Prompt - What is needed is an exact copy of the lines in the listing below, from the one with "REC34AS0036 Amity AP" up to and including the one with "NU319-E-XL-M1-F1-C3 FAG Image 4", with no other lines.

Source material -
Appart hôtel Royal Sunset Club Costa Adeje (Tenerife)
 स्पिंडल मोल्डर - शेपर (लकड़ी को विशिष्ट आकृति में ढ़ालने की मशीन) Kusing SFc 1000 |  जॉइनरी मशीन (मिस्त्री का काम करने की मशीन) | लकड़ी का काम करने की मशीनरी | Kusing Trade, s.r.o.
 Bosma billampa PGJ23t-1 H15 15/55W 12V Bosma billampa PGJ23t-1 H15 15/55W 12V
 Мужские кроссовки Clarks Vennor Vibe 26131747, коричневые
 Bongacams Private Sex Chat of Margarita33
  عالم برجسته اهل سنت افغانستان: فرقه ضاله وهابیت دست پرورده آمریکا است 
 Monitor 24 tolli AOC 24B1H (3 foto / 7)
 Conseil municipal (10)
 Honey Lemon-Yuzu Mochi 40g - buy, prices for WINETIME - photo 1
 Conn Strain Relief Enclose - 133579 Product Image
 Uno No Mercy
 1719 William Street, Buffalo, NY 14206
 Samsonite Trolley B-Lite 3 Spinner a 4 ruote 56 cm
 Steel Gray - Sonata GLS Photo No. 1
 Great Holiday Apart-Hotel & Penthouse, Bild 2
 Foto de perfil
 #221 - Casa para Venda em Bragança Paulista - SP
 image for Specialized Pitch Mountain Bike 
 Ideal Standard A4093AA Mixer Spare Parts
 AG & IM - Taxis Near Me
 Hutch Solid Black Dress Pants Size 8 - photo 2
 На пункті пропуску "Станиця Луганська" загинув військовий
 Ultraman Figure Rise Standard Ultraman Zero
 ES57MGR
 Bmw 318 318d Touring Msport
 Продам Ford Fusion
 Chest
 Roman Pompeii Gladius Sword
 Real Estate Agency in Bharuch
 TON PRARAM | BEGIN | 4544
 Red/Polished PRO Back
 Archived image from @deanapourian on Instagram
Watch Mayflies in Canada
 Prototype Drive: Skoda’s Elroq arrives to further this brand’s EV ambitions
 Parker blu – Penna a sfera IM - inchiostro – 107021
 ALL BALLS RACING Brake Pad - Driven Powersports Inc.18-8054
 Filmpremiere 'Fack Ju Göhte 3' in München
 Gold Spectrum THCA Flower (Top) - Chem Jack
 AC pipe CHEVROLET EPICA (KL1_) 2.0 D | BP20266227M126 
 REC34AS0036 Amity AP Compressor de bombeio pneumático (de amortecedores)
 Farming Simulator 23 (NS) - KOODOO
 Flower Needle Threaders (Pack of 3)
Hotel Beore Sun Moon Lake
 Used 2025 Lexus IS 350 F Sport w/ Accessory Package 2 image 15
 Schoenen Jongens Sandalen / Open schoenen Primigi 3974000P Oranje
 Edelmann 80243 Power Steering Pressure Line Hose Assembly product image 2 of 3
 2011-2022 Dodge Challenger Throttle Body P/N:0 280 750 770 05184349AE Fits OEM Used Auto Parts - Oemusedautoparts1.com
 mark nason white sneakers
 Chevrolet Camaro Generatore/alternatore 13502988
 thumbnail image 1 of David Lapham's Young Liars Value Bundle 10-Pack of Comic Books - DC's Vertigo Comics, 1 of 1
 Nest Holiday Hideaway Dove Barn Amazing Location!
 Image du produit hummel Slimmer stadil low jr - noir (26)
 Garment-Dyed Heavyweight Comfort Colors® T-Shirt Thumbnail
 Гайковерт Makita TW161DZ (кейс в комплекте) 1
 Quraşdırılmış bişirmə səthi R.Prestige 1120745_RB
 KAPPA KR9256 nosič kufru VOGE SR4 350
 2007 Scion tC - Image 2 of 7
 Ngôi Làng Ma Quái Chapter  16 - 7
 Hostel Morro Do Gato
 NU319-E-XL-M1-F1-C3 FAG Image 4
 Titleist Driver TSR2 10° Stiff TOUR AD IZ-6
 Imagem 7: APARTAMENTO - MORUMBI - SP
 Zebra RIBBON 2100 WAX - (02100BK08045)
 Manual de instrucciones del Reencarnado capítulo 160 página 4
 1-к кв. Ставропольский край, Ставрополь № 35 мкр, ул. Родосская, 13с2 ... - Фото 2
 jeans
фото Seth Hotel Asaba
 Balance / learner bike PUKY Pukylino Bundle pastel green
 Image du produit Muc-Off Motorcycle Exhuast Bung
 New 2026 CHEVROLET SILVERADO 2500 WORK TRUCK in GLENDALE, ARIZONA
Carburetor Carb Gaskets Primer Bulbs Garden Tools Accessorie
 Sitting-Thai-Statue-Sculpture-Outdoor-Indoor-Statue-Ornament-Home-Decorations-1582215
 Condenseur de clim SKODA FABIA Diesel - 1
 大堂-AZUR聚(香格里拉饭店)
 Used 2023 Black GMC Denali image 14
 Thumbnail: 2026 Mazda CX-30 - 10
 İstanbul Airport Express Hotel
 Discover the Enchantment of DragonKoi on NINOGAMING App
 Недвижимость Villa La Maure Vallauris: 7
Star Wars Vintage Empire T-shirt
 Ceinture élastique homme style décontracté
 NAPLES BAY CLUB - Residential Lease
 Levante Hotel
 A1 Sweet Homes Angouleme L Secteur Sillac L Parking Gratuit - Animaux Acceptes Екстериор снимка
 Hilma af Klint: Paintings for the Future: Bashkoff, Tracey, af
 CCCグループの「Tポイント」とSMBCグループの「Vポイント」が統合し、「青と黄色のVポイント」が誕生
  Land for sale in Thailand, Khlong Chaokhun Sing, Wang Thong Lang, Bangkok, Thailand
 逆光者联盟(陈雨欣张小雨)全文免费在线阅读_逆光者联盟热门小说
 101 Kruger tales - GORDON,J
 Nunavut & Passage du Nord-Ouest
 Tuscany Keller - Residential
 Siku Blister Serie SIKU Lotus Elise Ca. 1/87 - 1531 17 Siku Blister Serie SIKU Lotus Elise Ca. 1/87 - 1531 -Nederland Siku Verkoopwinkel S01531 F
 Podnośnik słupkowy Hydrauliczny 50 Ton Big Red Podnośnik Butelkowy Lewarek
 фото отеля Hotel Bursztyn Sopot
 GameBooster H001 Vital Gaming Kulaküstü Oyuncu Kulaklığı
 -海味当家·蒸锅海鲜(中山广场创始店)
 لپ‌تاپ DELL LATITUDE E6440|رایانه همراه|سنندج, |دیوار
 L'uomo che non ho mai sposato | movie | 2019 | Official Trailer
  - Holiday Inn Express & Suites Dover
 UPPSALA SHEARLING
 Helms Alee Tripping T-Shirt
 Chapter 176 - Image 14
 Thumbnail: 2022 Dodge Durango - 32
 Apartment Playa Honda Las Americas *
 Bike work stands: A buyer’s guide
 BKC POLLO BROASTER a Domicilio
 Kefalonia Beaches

Answer -
 REC34AS0036 Amity AP Compressor de bombeio pneumático (de amortecedores)
 Farming Simulator 23 (NS) - KOODOO
 Flower Needle Threaders (Pack of 3)
Hotel Beore Sun Moon Lake
 Used 2025 Lexus IS 350 F Sport w/ Accessory Package 2 image 15
 Schoenen Jongens Sandalen / Open schoenen Primigi 3974000P Oranje
 Edelmann 80243 Power Steering Pressure Line Hose Assembly product image 2 of 3
 2011-2022 Dodge Challenger Throttle Body P/N:0 280 750 770 05184349AE Fits OEM Used Auto Parts - Oemusedautoparts1.com
 mark nason white sneakers
 Chevrolet Camaro Generatore/alternatore 13502988
 thumbnail image 1 of David Lapham's Young Liars Value Bundle 10-Pack of Comic Books - DC's Vertigo Comics, 1 of 1
 Nest Holiday Hideaway Dove Barn Amazing Location!
 Image du produit hummel Slimmer stadil low jr - noir (26)
 Garment-Dyed Heavyweight Comfort Colors® T-Shirt Thumbnail
 Гайковерт Makita TW161DZ (кейс в комплекте) 1
 Quraşdırılmış bişirmə səthi R.Prestige 1120745_RB
 KAPPA KR9256 nosič kufru VOGE SR4 350
 2007 Scion tC - Image 2 of 7
 Ngôi Làng Ma Quái Chapter  16 - 7
 Hostel Morro Do Gato
 NU319-E-XL-M1-F1-C3 FAG Image 4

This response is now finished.